Metropole Hotel

When the Metropole opened in 1890, it was the largest hotel outside the capital and, due to its size and colour, it stood out from its neighbours like a sore thumb.

The architect was Alfred Waterhouse who was responsible for the old Hove Town Hall. He also designed the Natural History Museum in London and Manchester Town Hall. Just earlier today, I was kindly shown around the Metropole’s many hidden areas by its Director of Business Development, Martijn Dresen, so that I could gather material for at least two columns on the behind-the-scenes areas. He even patiently answered my obscure questions!

Hilton Hotels is particularly responsible when it comes to the building’s heritage and a huge refurbishment of the premises was completed in 2007. Unfortunately, other owners have not shown the same level of respect.

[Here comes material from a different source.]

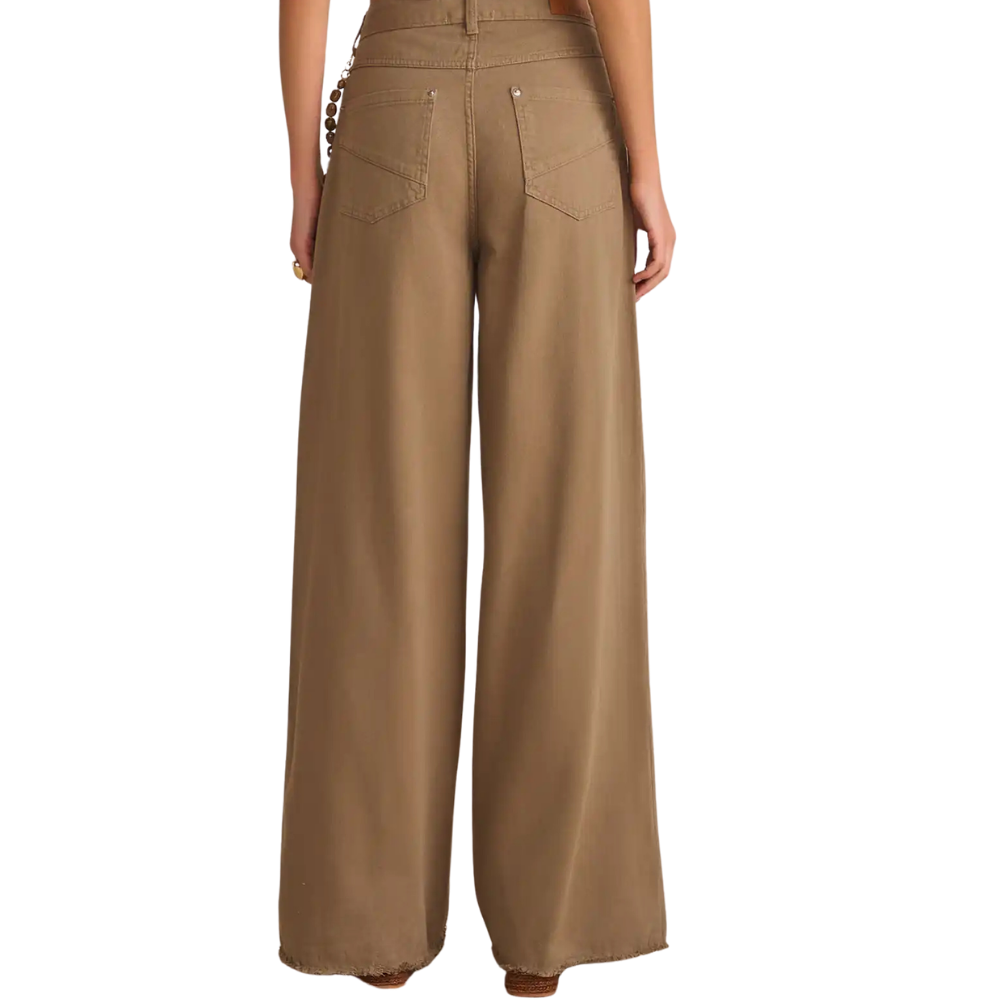Linzzi | Pantalones Rectos en Sarga para Dama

A firm called AVP Industries applied to turn the old Bedford Hotel into a 14 storey block of flats just before it was destroyed by fire in 1964. Even taller flats were eventually built. Soon afterwards, AVP tried to replace the Norfolk Hotel with flats. That great building still stands at least. And it was AVP that bought the West Pier in 1965 and sought permission to demolish its famous pavilion. The following, therefore, will not surprise.

AVP bought the Metropole in 1959 and made a huge number of changes, mainly for the worse. The removal of the various rooftop delicacies which characterised the building was simply inexcusable. Although the addition of the conference halls at the rear has benefitted the local economy immensely, the construction of Sussex Heights over St. Margaret’s Church has turned out to be one of the worst architectural crimes ever committed in Brighton.

I’ve often assumed, wrongly it turns out, that extra floors were added to the front of the building. Without the main spire, various gables and assorted chimneys, the building is actually lower at the front and it was further back that the residential flats were added. The Starlit Room restaurant in fact replaced the spire in the centre of the building but its glass and concrete walls are no match for Waterhouse’s brick and terracotta. It opened in 1961, closed in 1975, and is today a conference suite known as the Chartwell Room. The views which it provides really are something to behold but I would still swap it for that bronze spire in an instant.